Merge Sort algorithm Assignment

Given: Merge Sort algorithm (Reference: Brassard and Bratley, "Fundamentals of Algorithmics", pg. 228, among many other references). Design a parallel Merge Sort.

Your program will run on a distributed computer system with the following properties:

Number of processors P

Memory per CPU M = 4GB

Cycle time of CPU T = .5 nanosecond

Register size R = 64 bits

Local disk, bandwidth 320 MBytes/sec (Ultra-320 SCSI)

size is (NFS drive size)/N

Switched Ethernet network

Latency L = 20 microseconds

B = 1Gb/sec == 100 Mbytes/sec for messages

larger than 32Kbytes

Shared NFS drive, size D, bandwith same as network.

You are free to chose the number of processors P and the disk size D. You may not need all the above information. If you feel you need some other system property, feel free to assume some reasonable value.

Assume that the initial unsorted file F is on the shared NFS drive, and the final sorted file should also be on that drive. Each item to be sorted is 1024 bytes in length, and the file F has N such items. Comparing two items involves 32 1-byte comparisons.

Merge Sort requires work space; this work space may be on the NFS drive, memory, or any combination.
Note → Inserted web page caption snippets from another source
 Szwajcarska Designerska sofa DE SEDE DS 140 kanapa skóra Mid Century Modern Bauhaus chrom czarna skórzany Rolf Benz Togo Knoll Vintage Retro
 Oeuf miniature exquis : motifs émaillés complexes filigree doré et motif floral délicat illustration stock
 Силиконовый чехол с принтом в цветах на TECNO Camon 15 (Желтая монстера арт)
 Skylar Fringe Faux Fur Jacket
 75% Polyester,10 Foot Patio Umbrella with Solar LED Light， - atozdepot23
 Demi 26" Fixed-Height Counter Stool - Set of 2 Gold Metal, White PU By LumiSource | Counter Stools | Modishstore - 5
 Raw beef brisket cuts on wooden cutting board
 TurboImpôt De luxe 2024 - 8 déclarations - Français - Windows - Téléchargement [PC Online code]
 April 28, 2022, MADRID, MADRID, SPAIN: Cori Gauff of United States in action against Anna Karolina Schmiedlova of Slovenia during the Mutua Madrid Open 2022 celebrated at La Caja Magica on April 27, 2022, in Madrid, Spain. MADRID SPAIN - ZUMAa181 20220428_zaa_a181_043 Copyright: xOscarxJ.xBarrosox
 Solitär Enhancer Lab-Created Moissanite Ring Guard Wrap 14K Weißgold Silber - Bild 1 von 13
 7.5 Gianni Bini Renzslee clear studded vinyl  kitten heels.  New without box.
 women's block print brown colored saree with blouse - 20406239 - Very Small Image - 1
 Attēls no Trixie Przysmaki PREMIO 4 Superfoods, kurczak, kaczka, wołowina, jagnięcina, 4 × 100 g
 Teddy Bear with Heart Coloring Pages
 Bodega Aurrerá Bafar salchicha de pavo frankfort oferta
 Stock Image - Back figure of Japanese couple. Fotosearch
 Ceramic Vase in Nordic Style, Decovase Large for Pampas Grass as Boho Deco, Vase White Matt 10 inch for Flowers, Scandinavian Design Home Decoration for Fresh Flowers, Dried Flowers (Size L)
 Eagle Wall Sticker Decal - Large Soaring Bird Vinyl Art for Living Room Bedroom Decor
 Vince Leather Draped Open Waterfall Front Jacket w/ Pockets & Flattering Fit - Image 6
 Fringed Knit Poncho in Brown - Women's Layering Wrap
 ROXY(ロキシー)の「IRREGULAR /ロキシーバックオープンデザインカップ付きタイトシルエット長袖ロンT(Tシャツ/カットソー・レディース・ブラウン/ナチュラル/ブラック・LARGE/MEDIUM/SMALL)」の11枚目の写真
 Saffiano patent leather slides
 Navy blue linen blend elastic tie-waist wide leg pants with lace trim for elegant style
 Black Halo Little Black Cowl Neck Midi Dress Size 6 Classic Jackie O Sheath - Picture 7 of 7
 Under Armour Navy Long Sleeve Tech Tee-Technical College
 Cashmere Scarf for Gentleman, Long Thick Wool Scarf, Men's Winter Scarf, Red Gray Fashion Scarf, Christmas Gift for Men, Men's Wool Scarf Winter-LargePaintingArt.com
  1. Parallel Merge Sort algorithm should be in the message passing, SPMD model with a fixed number of processes; assume the implementation will be in PC or MPI. You do not have to provide code that may be compiled; pseudo code, outline or diagrams will be sufficient; however you should provide enough detail that a good programmer would be able to code your design.(See algorithm descriptions in Foster, Scott or Brassard and Bratley).
  2. Provide an argument to justify that your algorithm will not deadlock.
  3. Estimate how your algorithm would perform on the computer system described above. Consider:

-a. What minium file size (in bytes, number of elements, or both) is required for your algorithm to provide speedup on 2 processors?

-b. How does the number of processors you would use depend on the filesize?

-c. With P processors and file size calculated as above, what speedup would you expect?